- _Task brief_
The entries below contain pictures. Write out only the lines from the line with "Good day everybody." up to and including the line with "To start with, we", exactly, without them.

- _Supplied information_
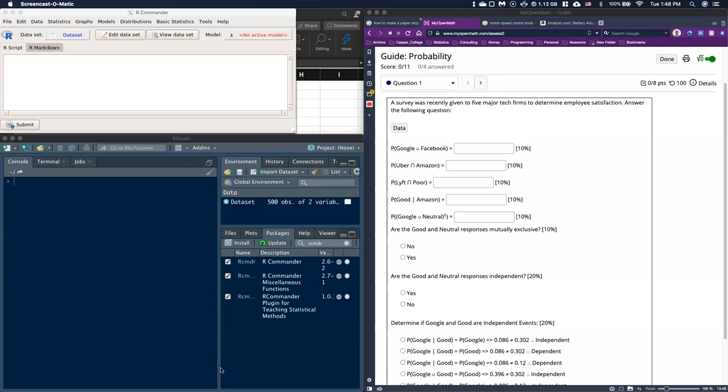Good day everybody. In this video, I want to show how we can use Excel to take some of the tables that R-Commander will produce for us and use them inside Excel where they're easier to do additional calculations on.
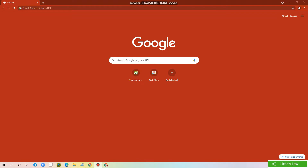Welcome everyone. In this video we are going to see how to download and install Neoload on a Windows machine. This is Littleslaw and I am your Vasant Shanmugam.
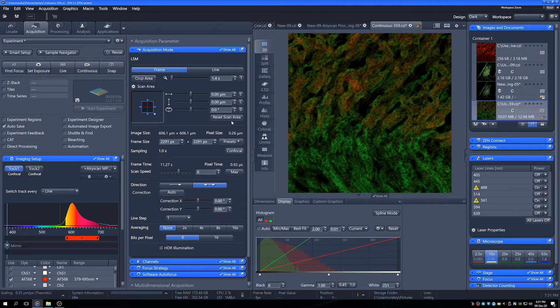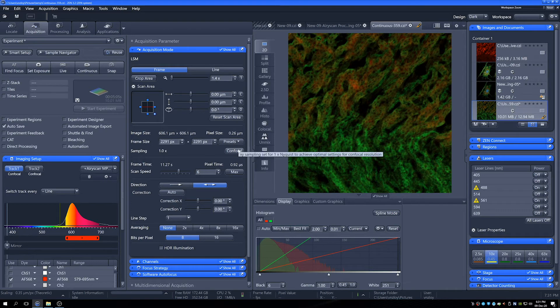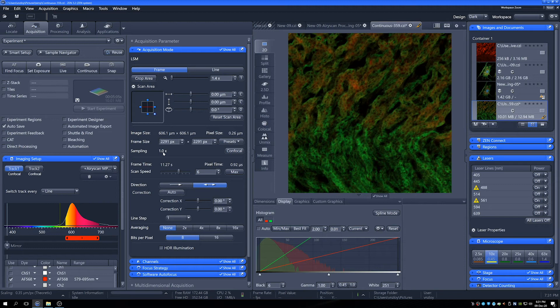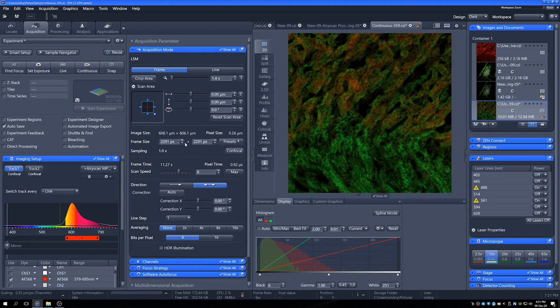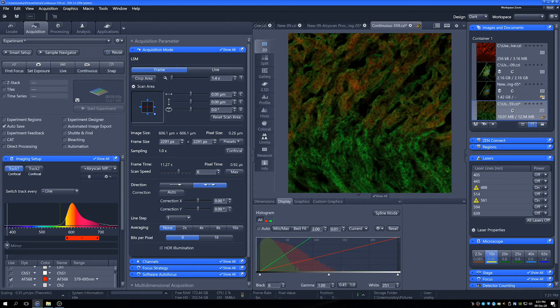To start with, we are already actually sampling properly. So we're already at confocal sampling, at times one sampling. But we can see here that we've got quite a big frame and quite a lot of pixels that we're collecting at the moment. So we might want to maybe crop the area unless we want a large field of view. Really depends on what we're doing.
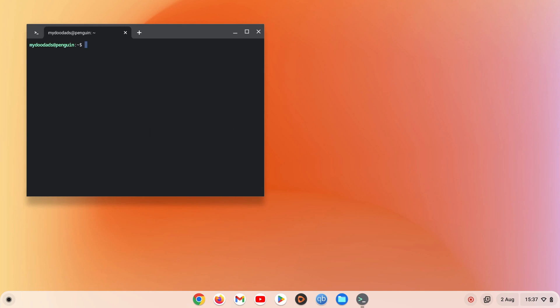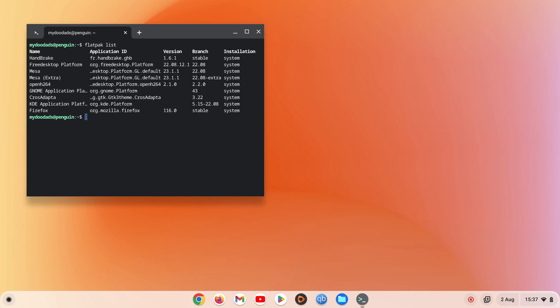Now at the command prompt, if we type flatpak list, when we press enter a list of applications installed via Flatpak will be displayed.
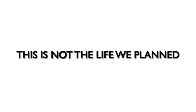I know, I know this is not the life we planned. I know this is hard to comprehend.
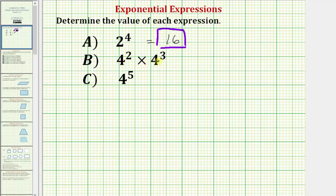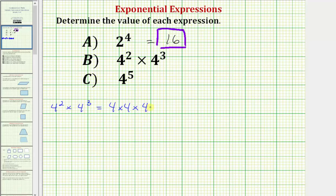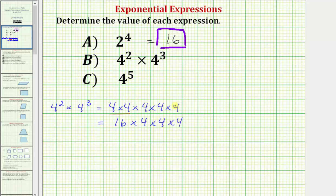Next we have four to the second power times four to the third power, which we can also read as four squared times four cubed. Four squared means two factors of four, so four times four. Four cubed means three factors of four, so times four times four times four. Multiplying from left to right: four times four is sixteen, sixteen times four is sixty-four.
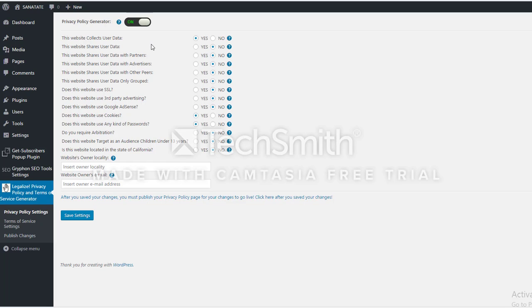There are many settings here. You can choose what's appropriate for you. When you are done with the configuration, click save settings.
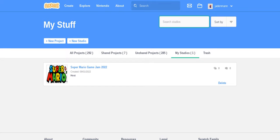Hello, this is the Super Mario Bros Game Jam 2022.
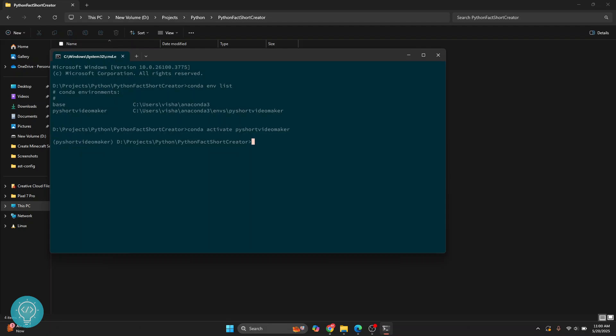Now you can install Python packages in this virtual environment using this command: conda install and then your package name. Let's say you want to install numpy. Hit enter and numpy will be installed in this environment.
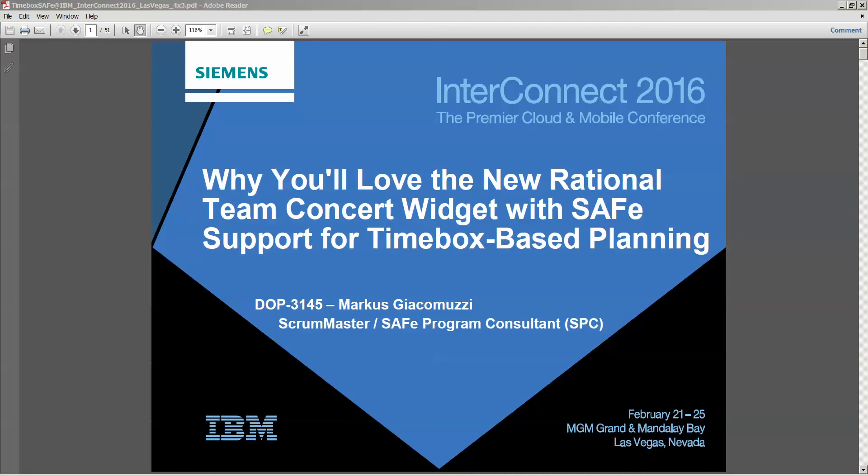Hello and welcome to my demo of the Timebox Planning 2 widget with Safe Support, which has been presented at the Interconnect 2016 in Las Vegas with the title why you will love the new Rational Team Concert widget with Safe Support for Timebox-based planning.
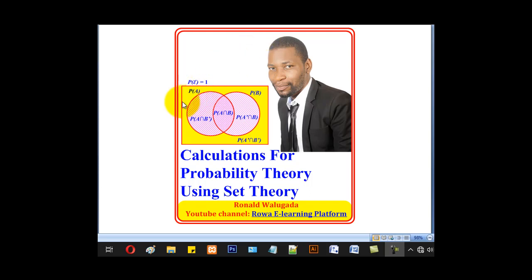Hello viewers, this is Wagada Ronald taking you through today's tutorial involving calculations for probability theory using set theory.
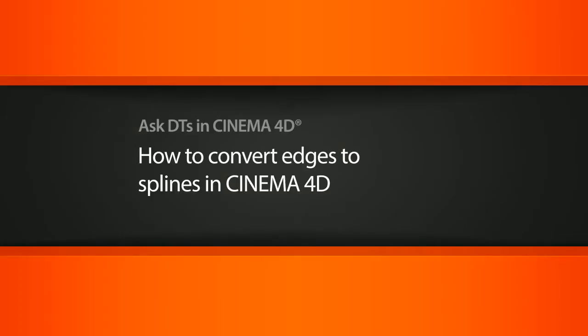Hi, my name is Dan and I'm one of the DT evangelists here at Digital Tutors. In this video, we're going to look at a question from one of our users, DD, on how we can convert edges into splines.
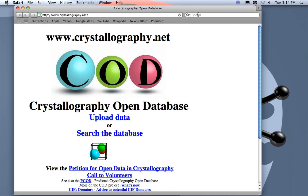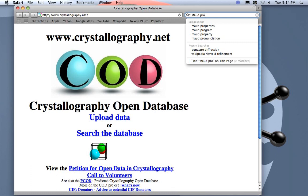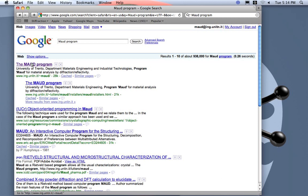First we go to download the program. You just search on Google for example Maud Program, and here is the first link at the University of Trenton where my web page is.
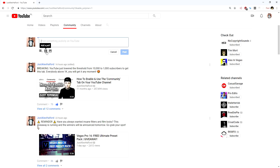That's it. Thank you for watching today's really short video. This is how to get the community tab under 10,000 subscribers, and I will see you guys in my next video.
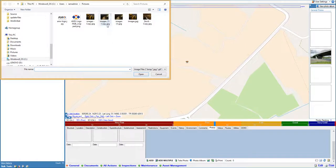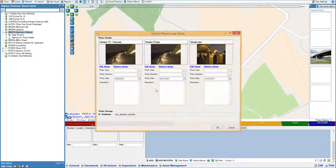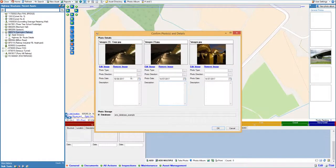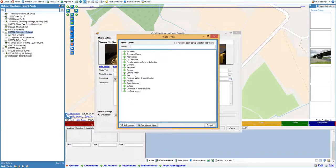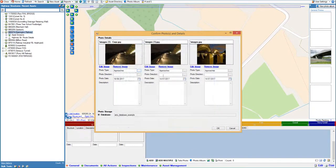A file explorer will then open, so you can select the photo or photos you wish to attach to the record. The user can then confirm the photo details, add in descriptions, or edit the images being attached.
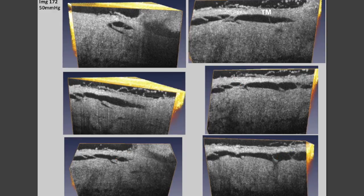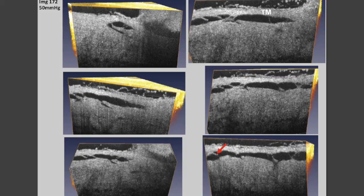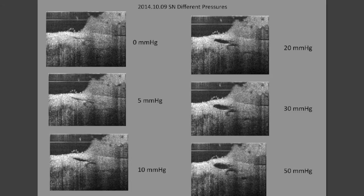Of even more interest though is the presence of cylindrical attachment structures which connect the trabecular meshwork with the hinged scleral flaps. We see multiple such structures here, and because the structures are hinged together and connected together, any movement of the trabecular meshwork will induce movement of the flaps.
...
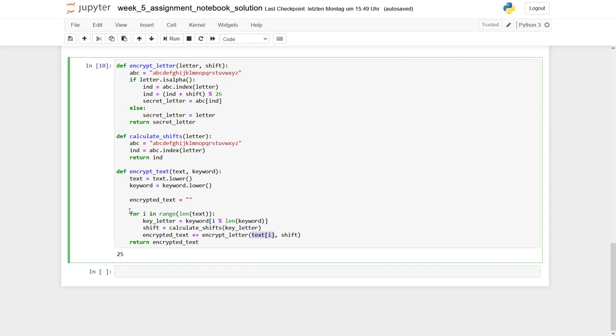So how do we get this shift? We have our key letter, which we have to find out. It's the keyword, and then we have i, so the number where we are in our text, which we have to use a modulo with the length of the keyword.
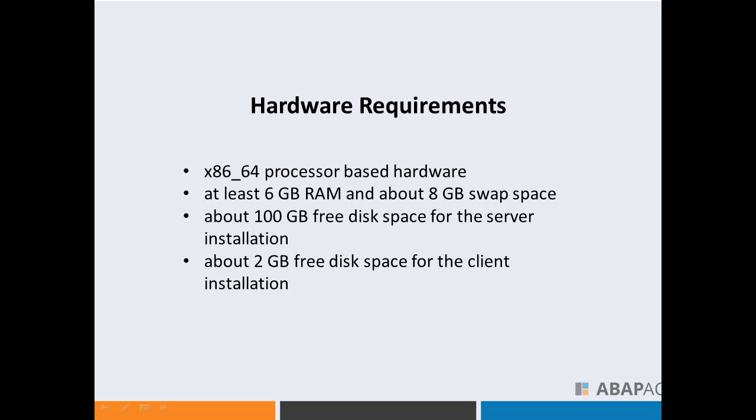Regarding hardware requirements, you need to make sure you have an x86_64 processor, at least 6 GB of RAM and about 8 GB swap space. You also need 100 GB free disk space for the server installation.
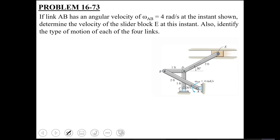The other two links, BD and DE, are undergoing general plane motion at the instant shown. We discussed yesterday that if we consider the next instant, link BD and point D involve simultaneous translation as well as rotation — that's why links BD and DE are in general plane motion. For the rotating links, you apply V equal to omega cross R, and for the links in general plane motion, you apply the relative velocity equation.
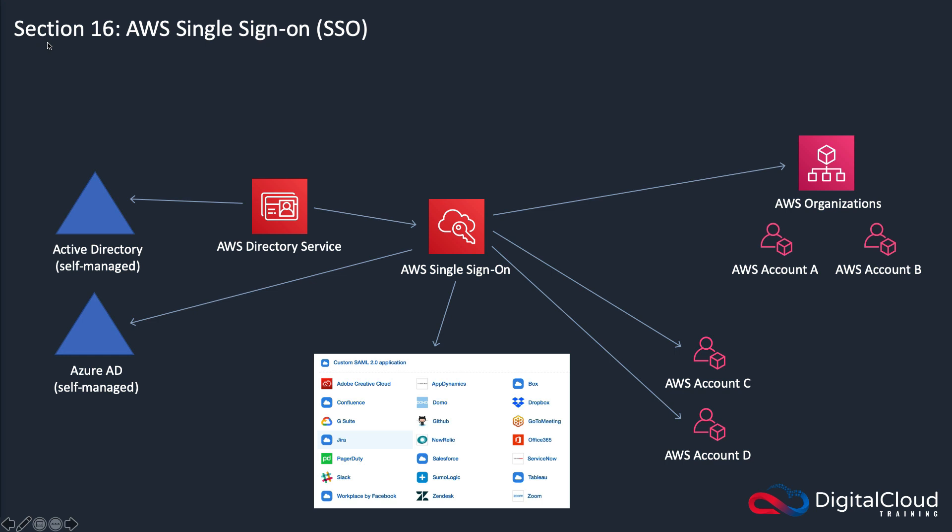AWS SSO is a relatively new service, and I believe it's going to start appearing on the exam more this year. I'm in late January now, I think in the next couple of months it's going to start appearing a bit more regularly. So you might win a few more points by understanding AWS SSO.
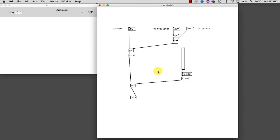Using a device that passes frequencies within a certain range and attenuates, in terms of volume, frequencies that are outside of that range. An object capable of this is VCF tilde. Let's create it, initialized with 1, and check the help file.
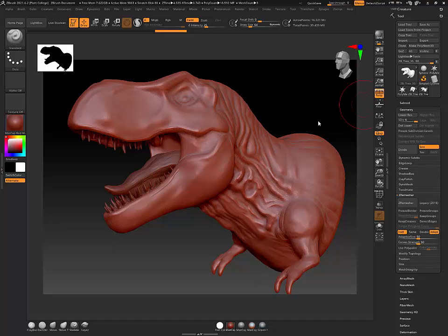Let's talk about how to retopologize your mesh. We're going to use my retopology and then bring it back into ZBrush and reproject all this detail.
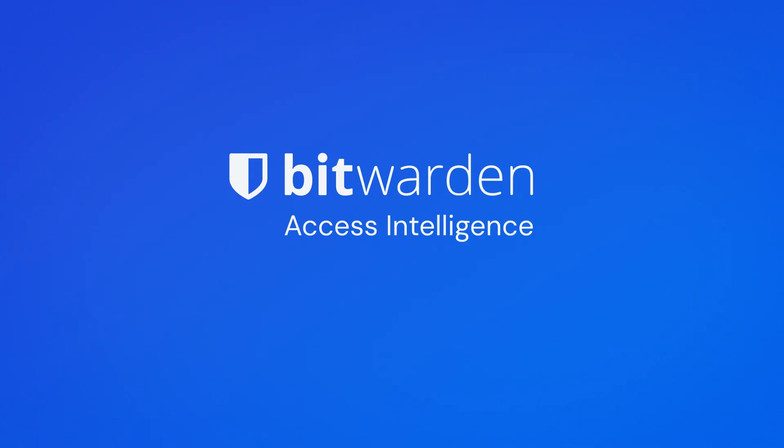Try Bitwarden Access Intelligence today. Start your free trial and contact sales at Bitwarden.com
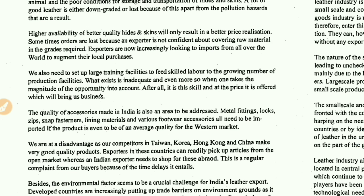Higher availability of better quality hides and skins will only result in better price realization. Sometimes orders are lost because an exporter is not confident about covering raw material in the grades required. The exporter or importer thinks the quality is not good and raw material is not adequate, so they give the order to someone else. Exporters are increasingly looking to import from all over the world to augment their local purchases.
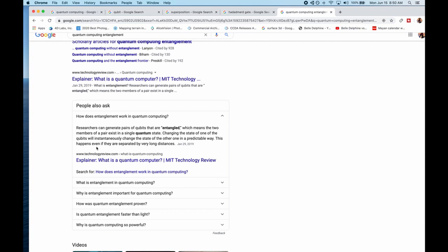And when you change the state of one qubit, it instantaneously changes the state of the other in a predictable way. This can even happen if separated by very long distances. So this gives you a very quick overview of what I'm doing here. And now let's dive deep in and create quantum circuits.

- _Answer section_
Good day everybody. In this video, I want to show how we can use Excel to take some of the tables that R-Commander will produce for us and use them inside Excel where they're easier to do additional calculations on.
Welcome everyone. In this video we are going to see how to download and install Neoload on a Windows machine. This is Littleslaw and I am your Vasant Shanmugam.
To start with, we are already actually sampling properly. So we're already at confocal sampling, at times one sampling. But we can see here that we've got quite a big frame and quite a lot of pixels that we're collecting at the moment. So we might want to maybe crop the area unless we want a large field of view. Really depends on what we're doing.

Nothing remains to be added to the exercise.